### Record extracts

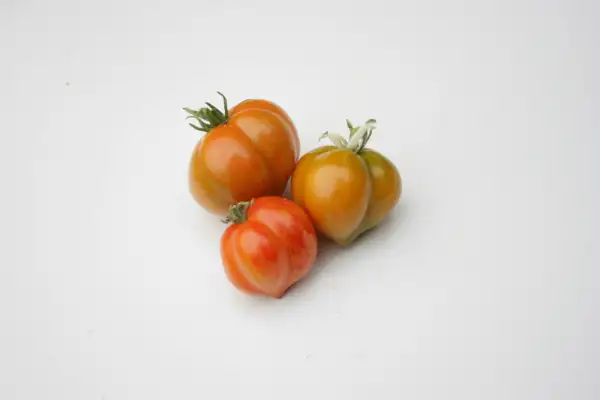 Tomaten: Painted Lady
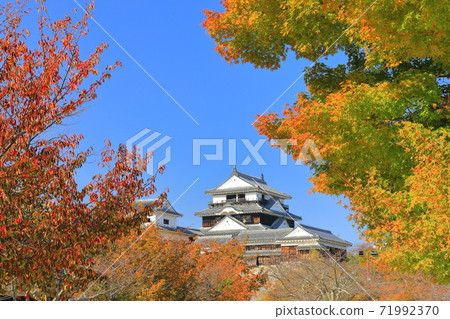 [Ehime Prefecture] Matsuyama Castle castle tower in autumn colors 71992370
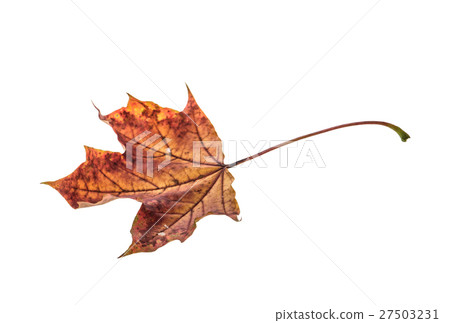 Dry maple leaf isolated on white background Dry maple leaf isolated on white background 27503231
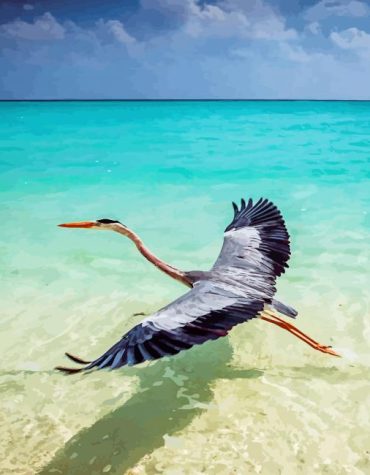 Graceful Crane in Water Paint By Numbers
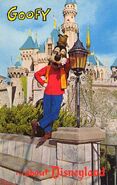 Dingo dans les années 1960 (de 1963 à 1969)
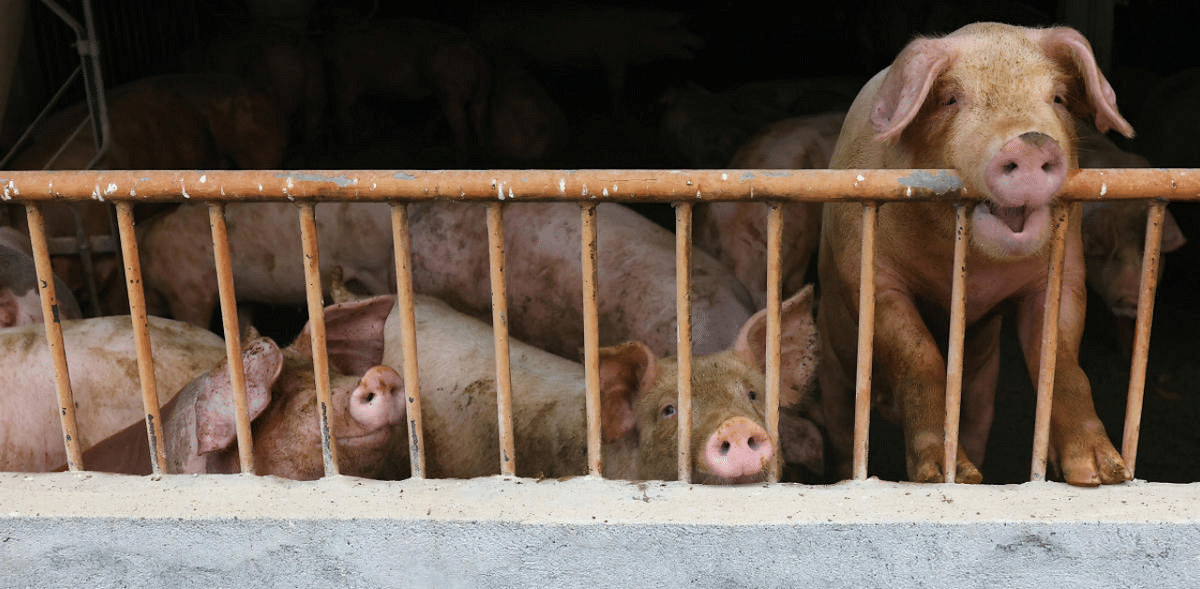 FDA approves genetically modified pig for medicine, human consumption 
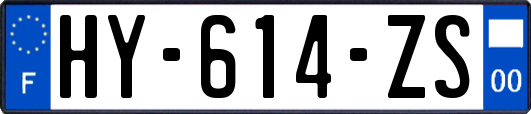 HY-614-ZS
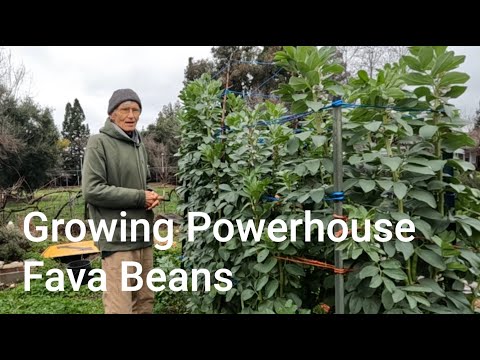 Growing Powerhouse Fava Beans for Many Uses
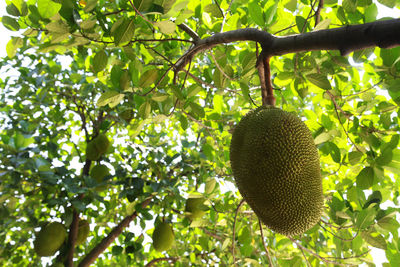 Low angle view of tree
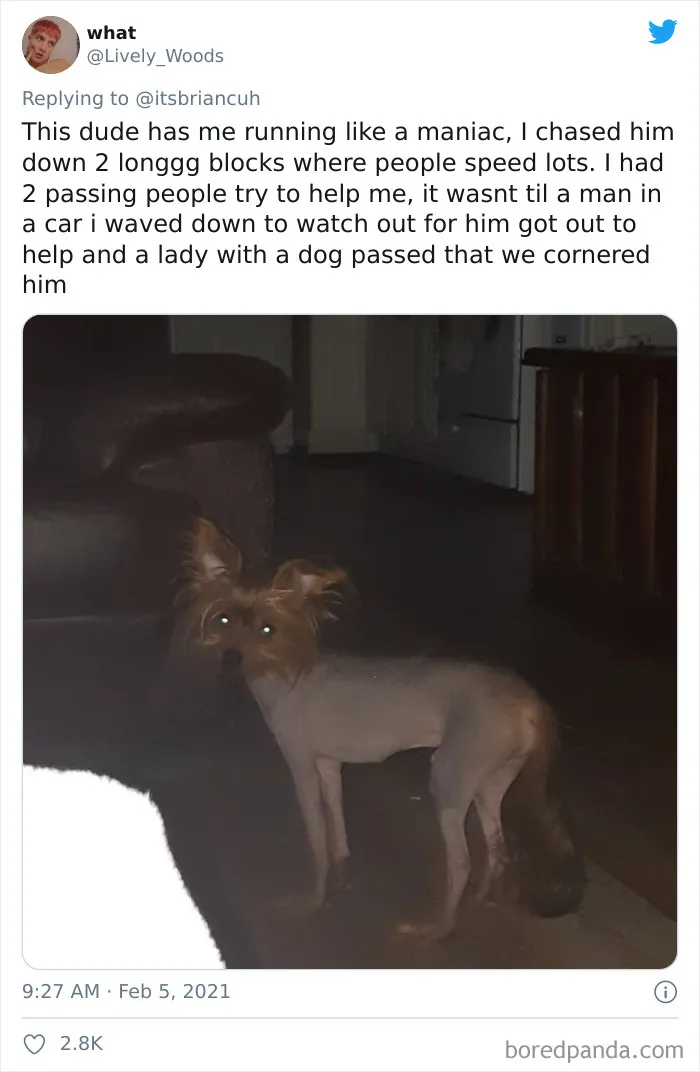Frustrated Owners Share Stories About How Hard It Is To Catch A Dog Once It Runs Away (30 Pics)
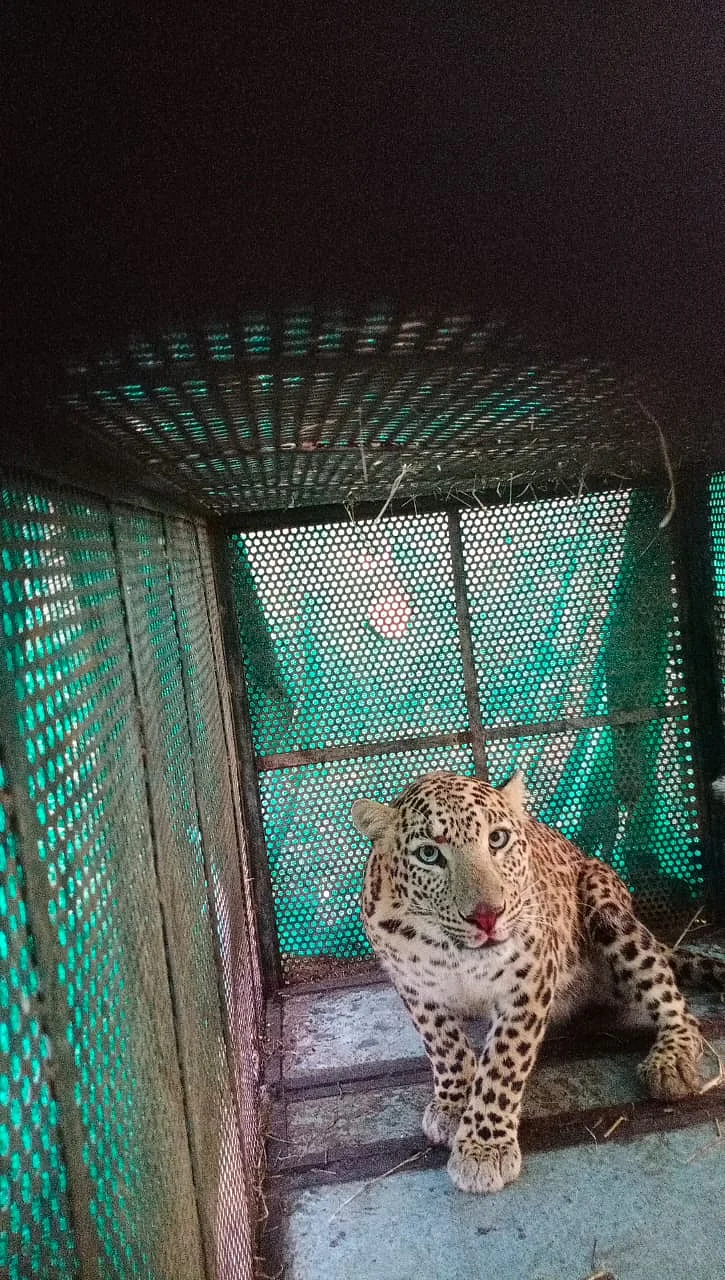 Indore: 11-month-old leopard cub rescued from Ujjaini – Umariya village
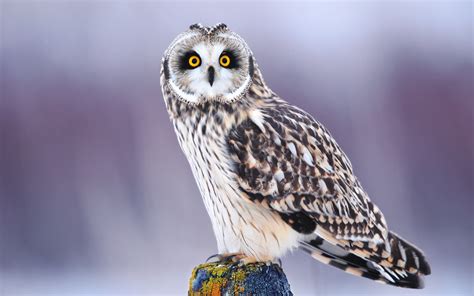 Download Animal Owl HD Wallpaper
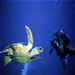 Zanzibar Diving Activities
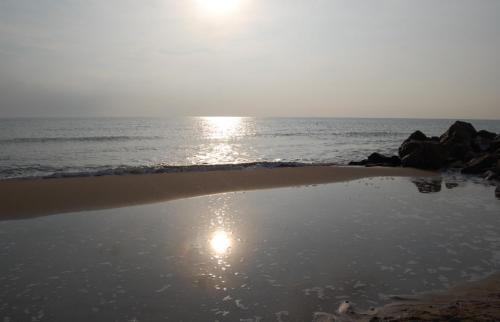 Fotografia de Soraya - Galeria Fotografica: Locura Playera - Foto: 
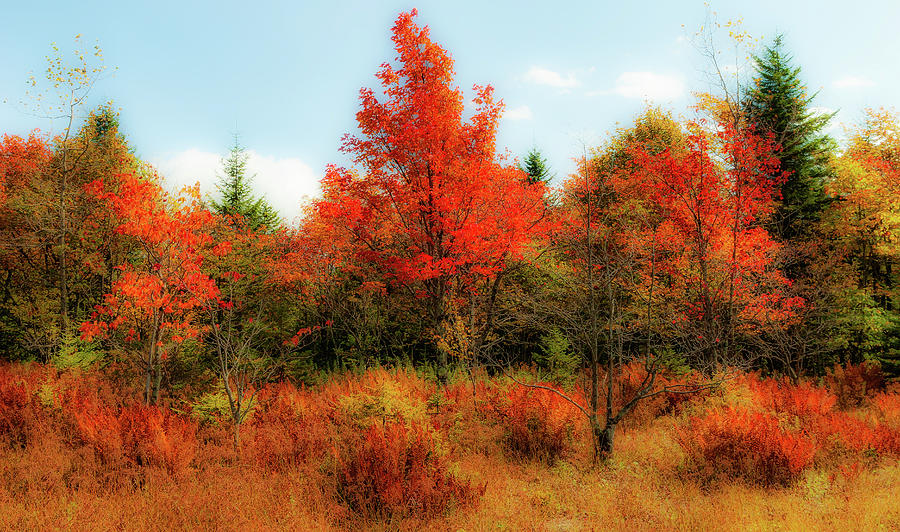 Autumn Orange Trees Ferns and Grass fx Photograph by Dan Carmichael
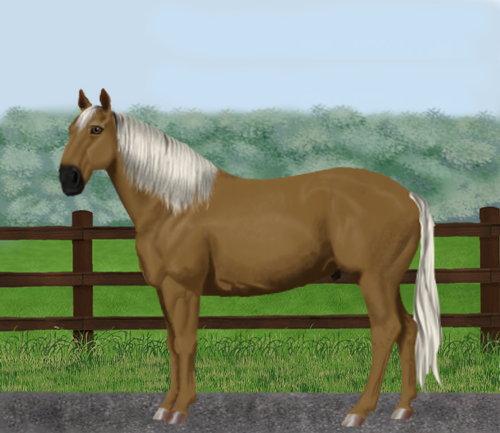 horse image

### Problem to solve
Leaving the pictures out, set down exactly the lines from the one with "Growing Powerhouse Fava Beans for Many Uses" through the end of the records.

### Output
 Growing Powerhouse Fava Beans for Many Uses
 Low angle view of tree
Frustrated Owners Share Stories About How Hard It Is To Catch A Dog Once It Runs Away (30 Pics)
 Indore: 11-month-old leopard cub rescued from Ujjaini – Umariya village
 Download Animal Owl HD Wallpaper
 Zanzibar Diving Activities
 Fotografia de Soraya - Galeria Fotografica: Locura Playera - Foto: 
 Autumn Orange Trees Ferns and Grass fx Photograph by Dan Carmichael
 horse image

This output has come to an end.